Here’s why: Everyone can get behind preparing more students for college and the workforce. Everyone can agree more students need to be successful. But, not everyone makes good and often hard decisions about how to do this – and then works tirelessly to align resources, policy, and practices to make it happen. All of these key decisions start at the top. I am thankful every day that we have had a governor that made decisions that were always about people and outcomes, not about politics.
Just four years ago in 2015, we embarked together on a new strategic plan, Tennessee Succeeds, amid several monumental transitions that were already moving forward – phasing out the $500 million Race to the Top support, eliminating the Common Core Standards while reviewing and implementing new standards, creating Tennessee-specific end of year assessments, and the unexpected but welcome substitution of No Child Left Behind with the Every Student Succeeds Act. Even as we have been making these significant transitions, so much more has been accomplished through our vision in Tennessee Succeeds.
This year, our students again set record highs: new high ACT score (20.2) coupled with a new high participation rate (97%); more students took AP exams and more students earned a 3 or higher – giving them credit for college; and high school graduates maintained our record graduation rate (89.1%). For the first time in years, we saw growth in students’ literacy skills in the early grades – pointing to some initial successes with our Read to be Ready work – and again students enrolled in our Read to be Ready summer camps showed statistically significant growth.
Over the past few years, Tennessee students have solidified our status as one of the fastest improving states in the nation, reaching new milestones in science, and in the past year researchers from Stanford to Georgetown have noted our progress as standing out from the pack. For the first time, this year we earned an “A” on our standards and rigor of our test – bringing us full circle from the “F” we earned a decade ago. We were named as a state that has closed the “honesty gap” on our state test, and Tennessee was pointed out in yet another study as the only state that has raised expectations and seen student progress at the same time.

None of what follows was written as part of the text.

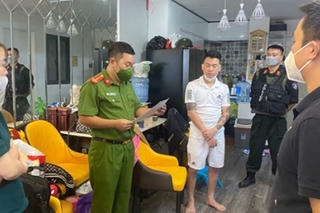 Triệt phá đường dây đánh bạc 30.000 tỷ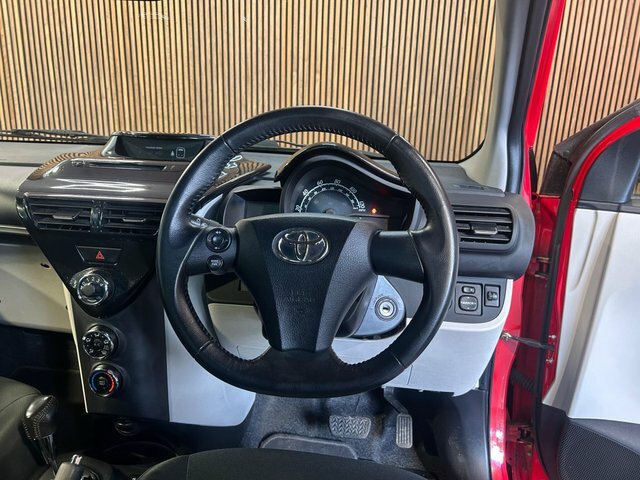 Toyota IQ Red #28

All of this has resulted in real changes for students and teachers. We have new, Tennessee-specific standards that our teachers and students are digging into each day. Now, 40% more students are in career and technical education pathways than there were in 2015, and more than 80% of high school students are taking career and technical education classes. All students now get to participate in a free ACT retake option during the school day. More students are graduating college, transitioning to college, and being successful when they get there. We have also prioritized investing in teacher salaries – with annual investments in this area. Since 2011, we have invested $500 million in teacher salaries as part of a $1.5 billion increase in education funding – record investments for our state.
During the last few years, we have also made meaningful improvements in state policy in areas like school improvement, where we have learned from the work of the Achievement School District and district iZones to build out new evidence-based options, such as the Partnership Network model, that can support district success. And, we have continued to work to ensure our evaluation system is one that is helping educators grow in their profession – and our educator survey has shown us that educators have increasingly felt that the evaluation process is strengthening their teaching.
None of this was easy – and it won’t get easier any time soon. But it is so worth it.
While it is bittersweet to announce my decision to leave, I am excited to now serve as the head of a national organization that has worked to support schools’ human capital by elevating all components of teacher and leader effectiveness. It is equally exciting to be able to move NIET’s base operations to Tennessee as we serve states, districts, and schools across the country.
Teachers and principals, you are and have always been the reason we are growing faster than other states. I see how your expectations for yourselves and for your students inspire you to keep developing and growing. Your willingness to keep learning, partnering, and pushing beyond what you may think is possible has been the birth of our growing success in Tennessee. It is more important than ever to keep going. This work is not easy and moving to the expectations we have set is not for the faint-hearted. It takes focus, courage, and resiliency. I want you to know that my greatest disappointments have been when our failings discouraged you and hindered our collective efforts or engendered distrust. While sometimes hard to appreciate, history tells us that our failings move us closer to success if we listen, learn, regroup and grow. This is what we are doing with all humility and expectation for rebuilding trust and respect. Thank you for your patience with us.
Please also know that you and your students have also been the source of my greatest joys. There is no greater success than student success – and I have seen it every day all across the state. Thank you for never forgetting that our collective success is only as sure and strong as the success of each and every student.
I cannot wait to see what you accomplish in the years to come. Please know that I will be in this work with you and supporting your success in every way I can.